REQUIREMENT
Retype only the lines below from the one with "3080 Ridgecrest Dr — Photo 15" to the one with "Montego Bay Club Apartments Bagian luar foto", inclusive, skipping every image.

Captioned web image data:
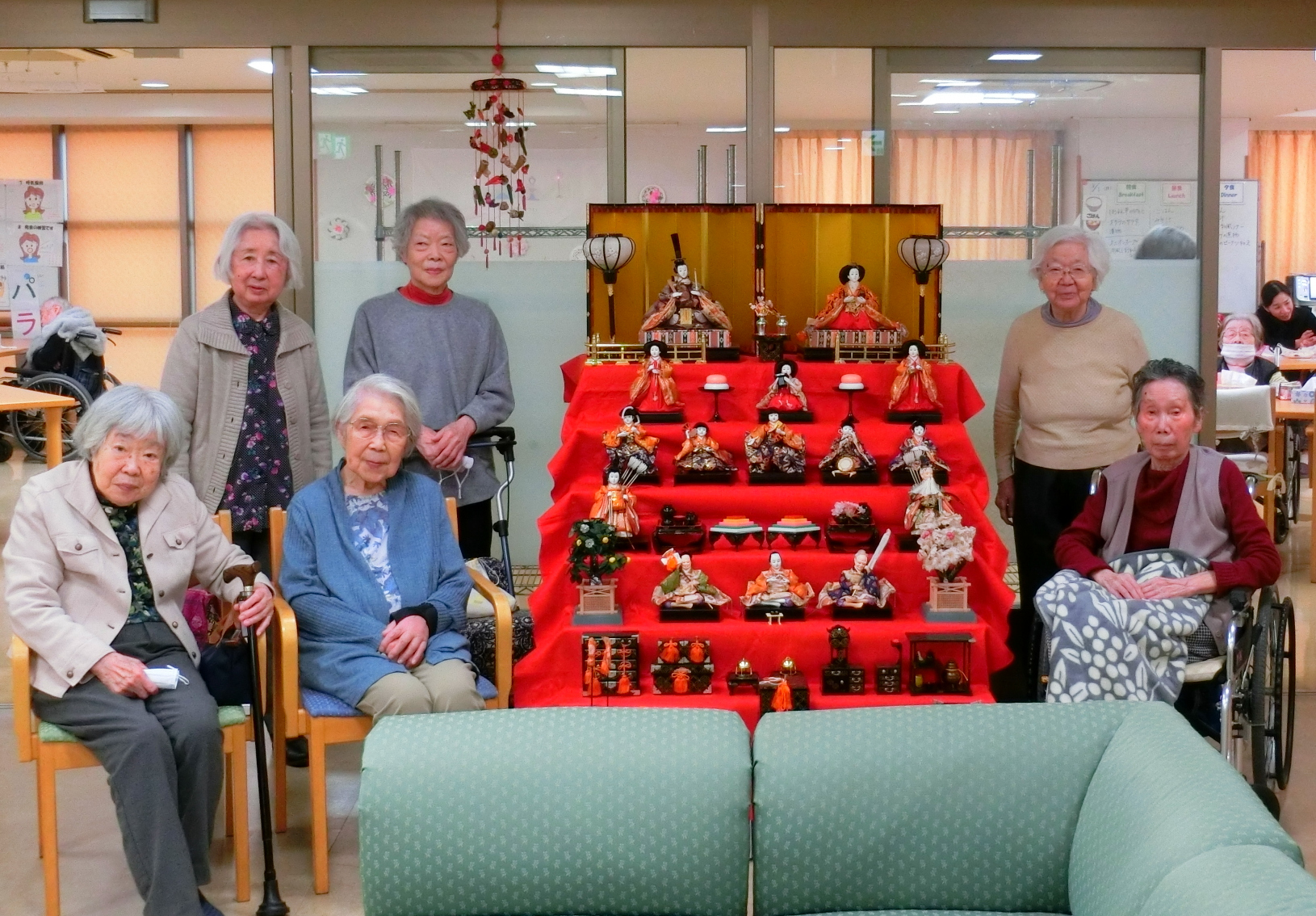 ニチイホーム星ヶ丘の雛人形20260301_４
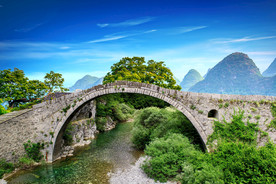 石拱桥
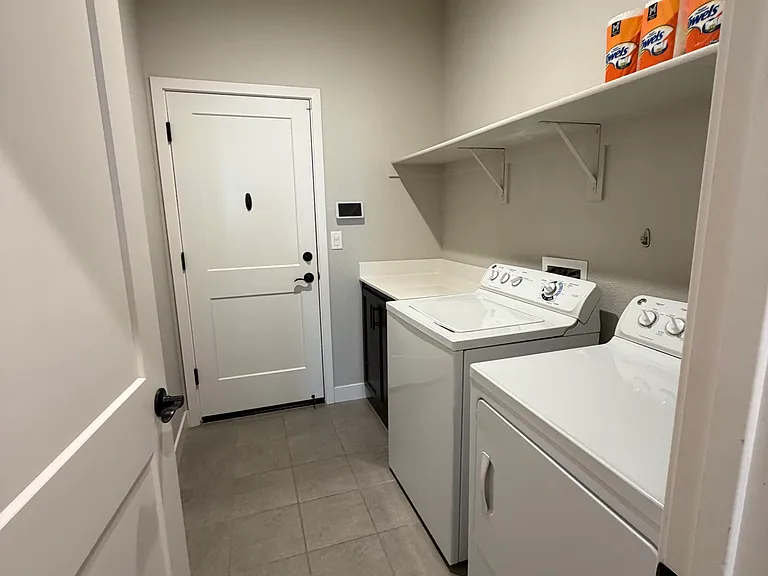 3080 Ridgecrest Dr — Photo 15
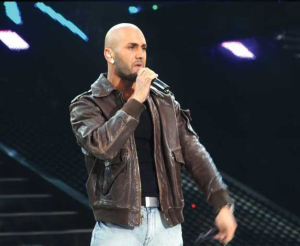 Massari singing on stage of staracademy6 on May 8th 2009 at the LBC Star Academy 12th prime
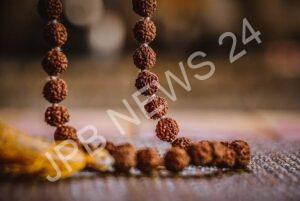 Read more about the article रुद्राक्ष माला से जाप करते समय इन बातों का रखें ध्यान, मिलेगा लाभ – Keep these things in mind while chanting with rudraksh mala, You will get benefits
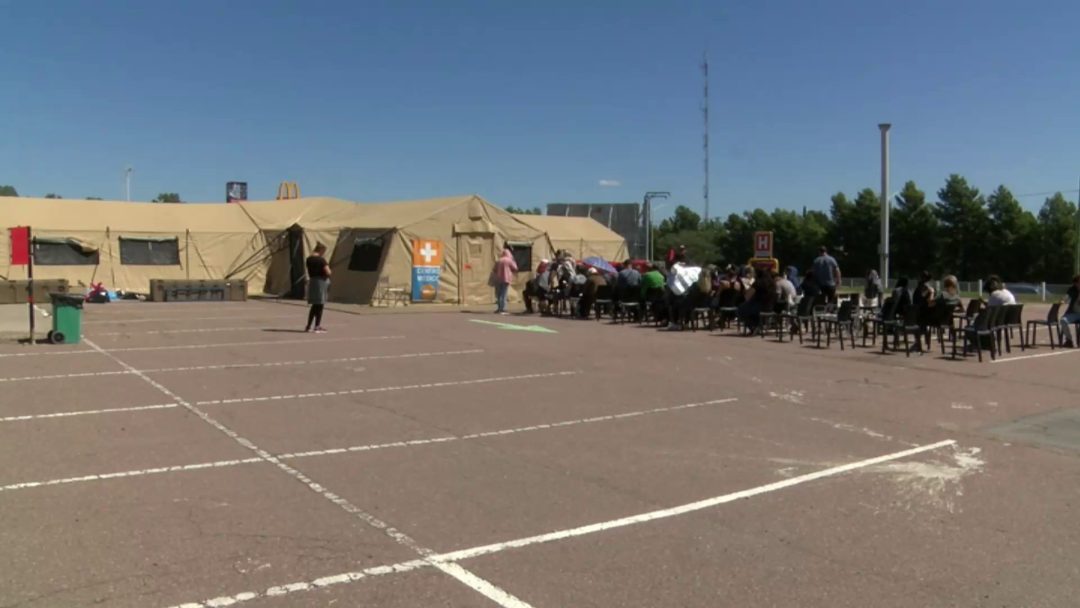 Hospital de campaña en el estacionamiento del shopping
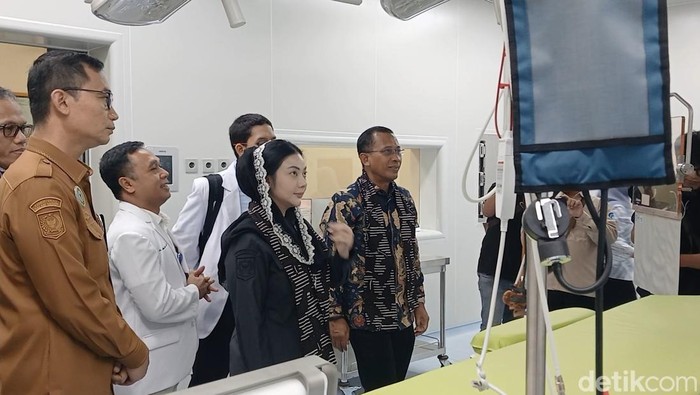 Bupati Brebes Paramitha Widya Kusuma dan Dirut BPJS Kesehatan Mayjen TNI (Purn) Dr. dr. Prihati Pujowaskito saat meresmikan layanan cathlab di RSUB Brebes, Selasa (12/5/2026).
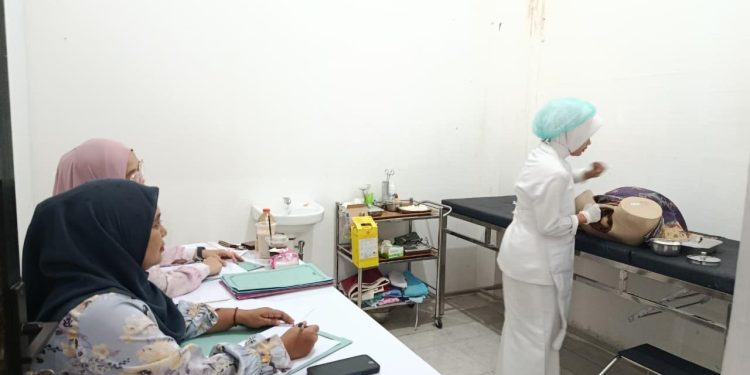 UAP Semester 6 Digelar, Mahasiswa Kebidanan Universitas Aufa Royhan Tunjukkan Kompetensi Profesional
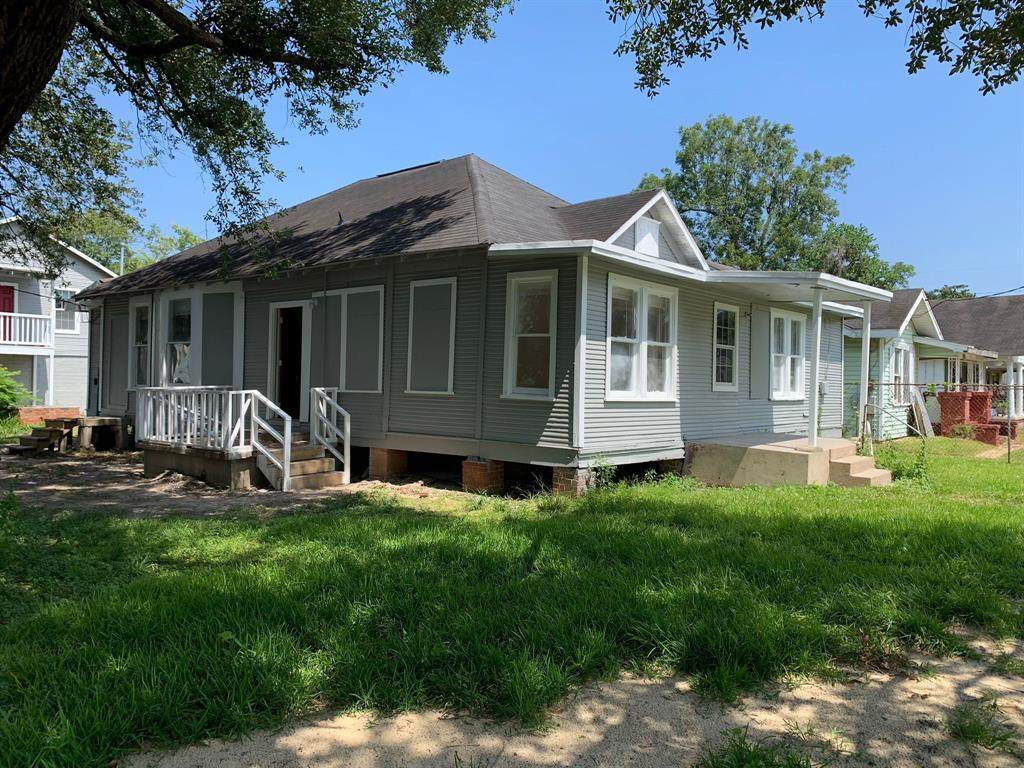 1294 Cartwright Street - Photo 1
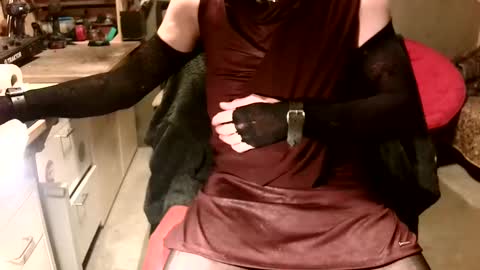 Snapshot of silkynylon77 chatting on 4, 3, 2025 tom online show from 4, 3, 2025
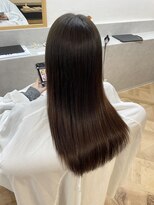 インビテーション(invitation) ロングヘアの透明感ベージュ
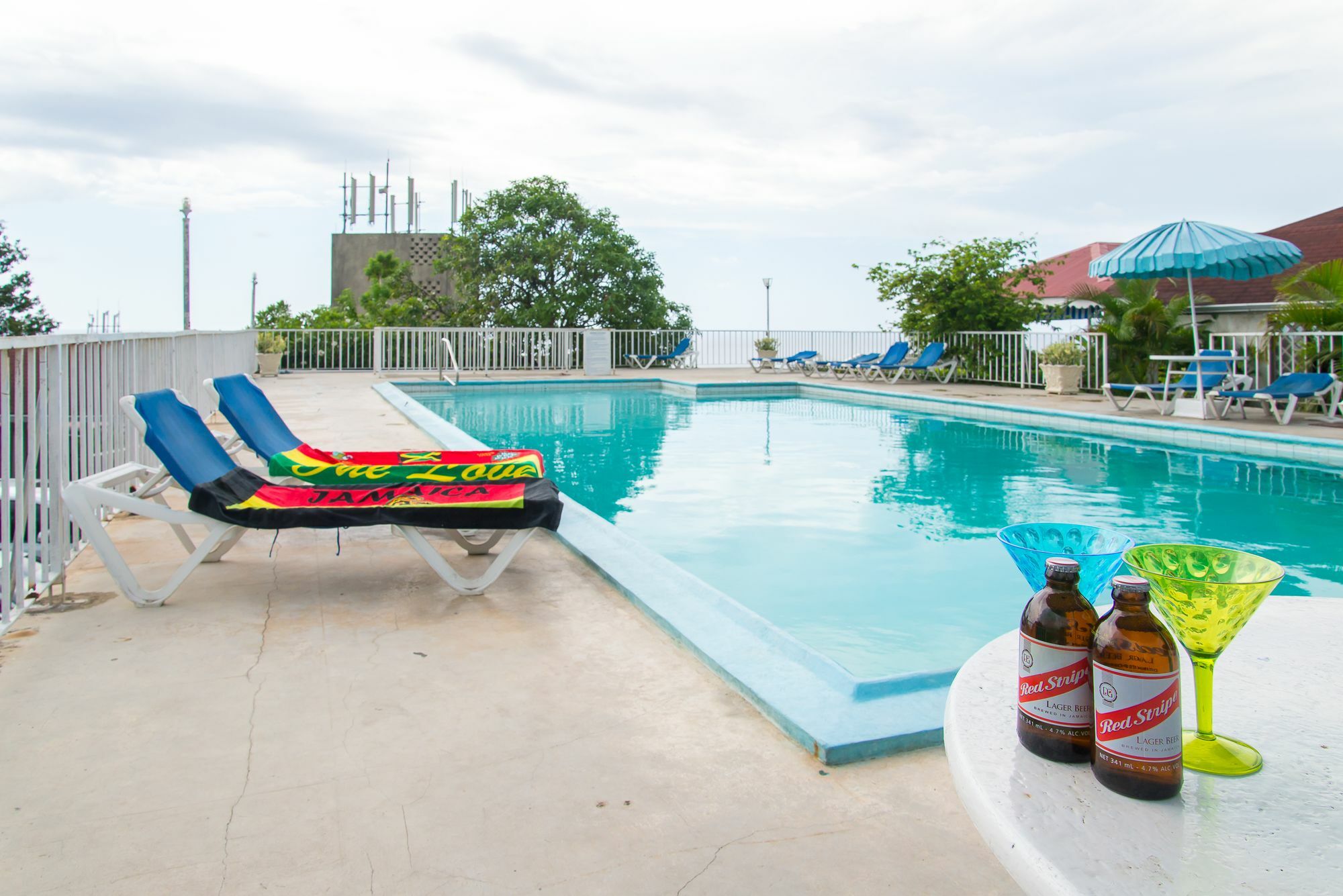 Montego Bay Club Apartments Bagian luar foto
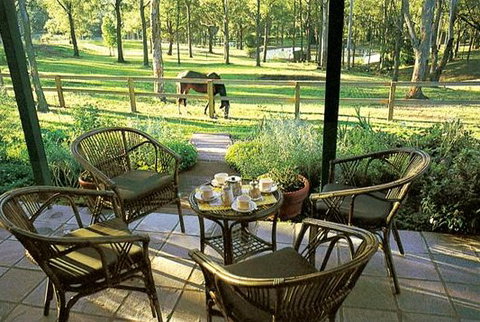 Bundara Farm Cottages - Dalby Accommodation 4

PROBLEM SOLUTION
 3080 Ridgecrest Dr — Photo 15
 Massari singing on stage of staracademy6 on May 8th 2009 at the LBC Star Academy 12th prime
 Read more about the article रुद्राक्ष माला से जाप करते समय इन बातों का रखें ध्यान, मिलेगा लाभ – Keep these things in mind while chanting with rudraksh mala, You will get benefits
 Hospital de campaña en el estacionamiento del shopping
 Bupati Brebes Paramitha Widya Kusuma dan Dirut BPJS Kesehatan Mayjen TNI (Purn) Dr. dr. Prihati Pujowaskito saat meresmikan layanan cathlab di RSUB Brebes, Selasa (12/5/2026).
 UAP Semester 6 Digelar, Mahasiswa Kebidanan Universitas Aufa Royhan Tunjukkan Kompetensi Profesional
 1294 Cartwright Street - Photo 1
 Snapshot of silkynylon77 chatting on 4, 3, 2025 tom online show from 4, 3, 2025
 インビテーション(invitation) ロングヘアの透明感ベージュ
 Montego Bay Club Apartments Bagian luar foto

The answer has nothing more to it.